Take two cases—what one says to an emerging artist and how a critic or curator assigns blame for trends in art and philosophy. Jed Perl attacks a new museum in Los Angeles, while a photography exhibition, too, fears for critical standards regarding contemporary art. In a related review, I ask what can go wrong when contemporary reviewers judge past masters, including a recent retrospective of J. M. W. Turner.

Why say more?

Almost single-handedly, Gustave Courbet popularized an idea that still grips art, the rebel who does what he pleases. Still, Courbet loved adulation, and the longer the encomium, the more he liked it. Maybe he did not invent the whole idea of art as personal expression—as about you and nothing else. Still, the idea is a historical development. Many academically trained artists never accepted it, then or now, and it may not have outlasted modern art intact. Courbet already knew that a strong artist's personality and an artist's statement can define a career, but he knew, too, why art takes words from others as well.

Faced with that student, I wanted to say more, because he so obviously needed more than just an answer: he needed reassurance. He needed to know that he could keep making art. He needed to hear that teachers can never fit his art into words or his creativity into a mold. Maybe they never can, but that handy truism hides way too much about art and creativity alike. It can also stand in the way of an artist's putting old habits aside and stale clichés.

Art is a public act. Sure, you can create alone, leave stuff in your closet, and tune out the world. But almost all artists intend all along that their work appear in public. And once you make that commitment, art has become a form of communication. Maybe it was all along, as long as you relied on media and styles that others have shared, but people will react, whether you care or not. If you ignore them, you may miss something about yourself as well.

How artists respond is up to them. It can depend on the own stage in their work. Maybe they need to work out some things on their own. Maybe they have too much confidence in their style and imagery. But have they broken through or fallen into a rut? Artists will have to answer for themselves, but consider the kinds of critic that they often do seek out.

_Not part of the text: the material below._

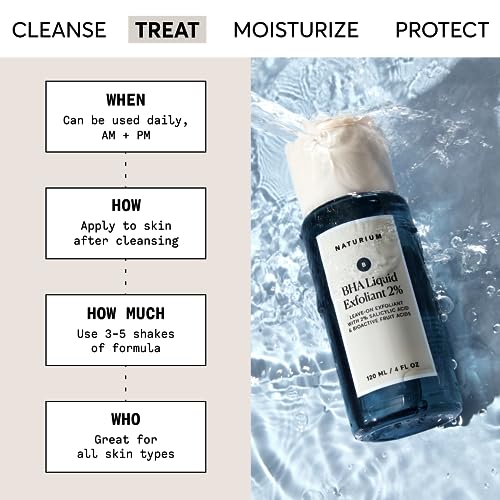 Naturium BHA Liquid Exfoliant 2%, Leave-on Face & Skin Care Exfoliating Pore Treatment, with Salicylic Acid & Bioactive Fruit Acids, Packaging May Vary, 4 oz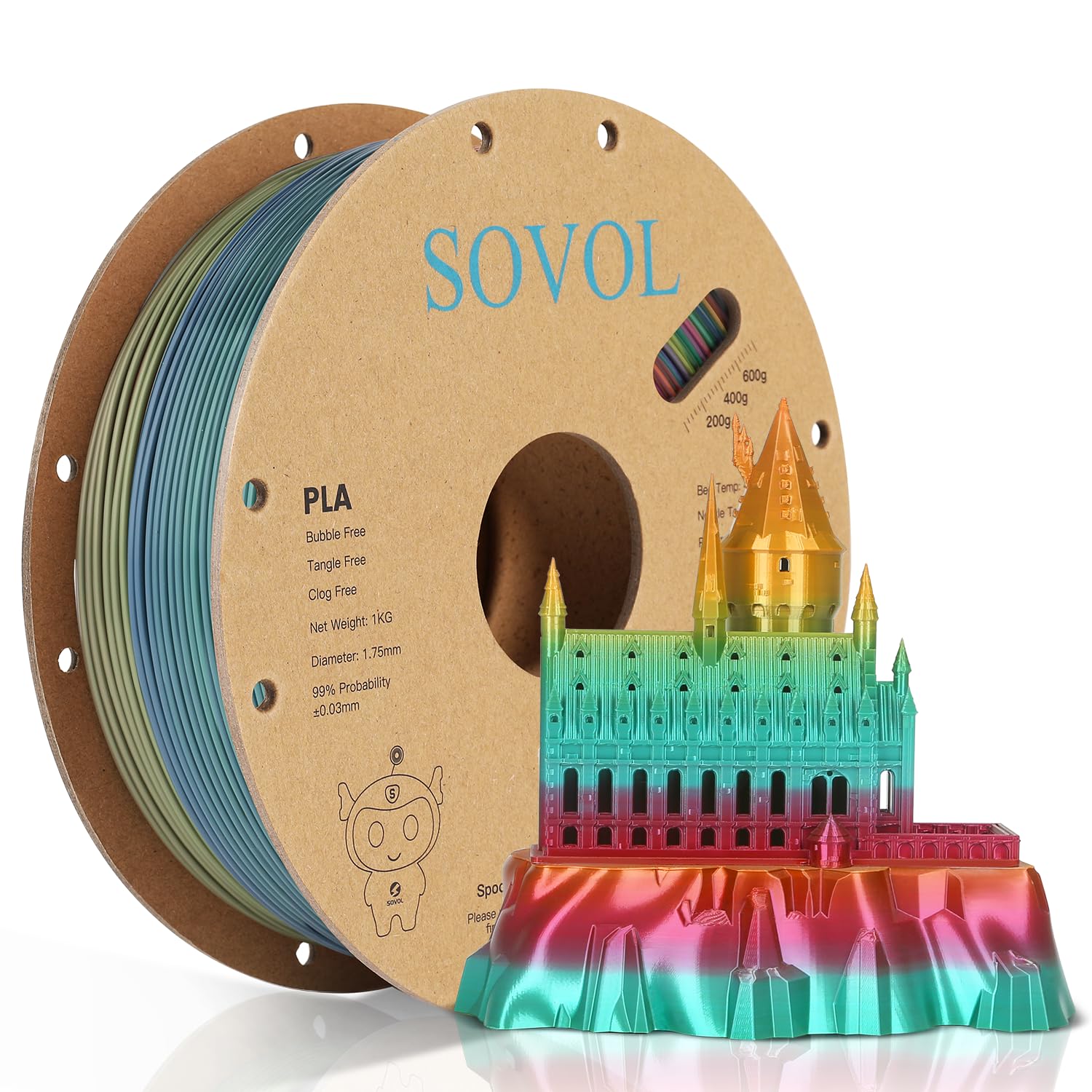 Sovol 3D Printer Silk Shiny Multicolored Fast Change Rainbow Pla 1 Kg (2.2 Lbs) Spool 3D Printing Materials, Wiring Tightness, D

There is the audience, when you just have to share what you are doing, because you can no longer keep it to yourself. There is the mentor. Some go to school or to older artists to learn something specific, about technique, or to network. A lucky few can remember a special relationship, the kind that told them something essential about themselves. Still others have had the good fortune to find equals, sharing some aims but contesting and provoking others. They may find them in bars or in school, in collectives or artist colonies, in collaborators or the studio down the hall.

Sol LeWitt was there to tell Eva Hesse just to "do it." Pablo Picasso and Georges Braque knew what they meant to each other, and who really wants Paul McCartney's solo music more than the Beatles? Robert Rauschenberg recalled Rauschenberg's friendship with Jasper Johns as almost an obligation to bring something new each day. One of the most underrated living artists, Dorothea Rockburne, met Rauschenberg at Black Mountain College. They recognized the creative importance of their relationship even though their art has almost zilch in common. (Rauschenberg named his son Chris, and she named her daughter Christine.)

Breaking the spell

Beyond the good times, artists may want to hear what strangers think, because it breaks the spell. It makes them ask themselves whether what they want to say comes across. It should make them ask whether it even comes from within, rather than parroting sources from Salvador Dalí to Spiderman. It reminds them of the wonderful things that they can do but did not consciously articulate to themselves.

Every artist talks about others as well. You may, for example, love a local artist and hate the 2008 Whitney Biennial, and I may or may not agree, but the artist and the curators could easily call us both stupid. The easy part is knowing when to ask questions. The hard part is remembering not to hide from the answers—or to write them off as some obscure academic rule book. It could mean never exhibiting at all.

This article just happens to come near the start of a new season, with more than enough bad art and bad judgments to go around. Depending on your biases or your mood, it may seem like one extended installation or like "anything goes." Some compare the lack of a breakthrough movement to an academy, with academics aplenty to set its rules with their arcane talk. Yet an academy implies quite the opposite—a uniform ideology and style. By the 1970s, as "Action Abstraction" at the Jewish Museum brought thrillingly to life this summer, abstraction and figuration fought to claim the rights to just that. And the bewildering, fluid range of styles and media that followed responded to what artists felt as stifling constraints. I do not know the future of art, but it will not come by turning off one's brains or by following the Republican party platform in disdaining "elites."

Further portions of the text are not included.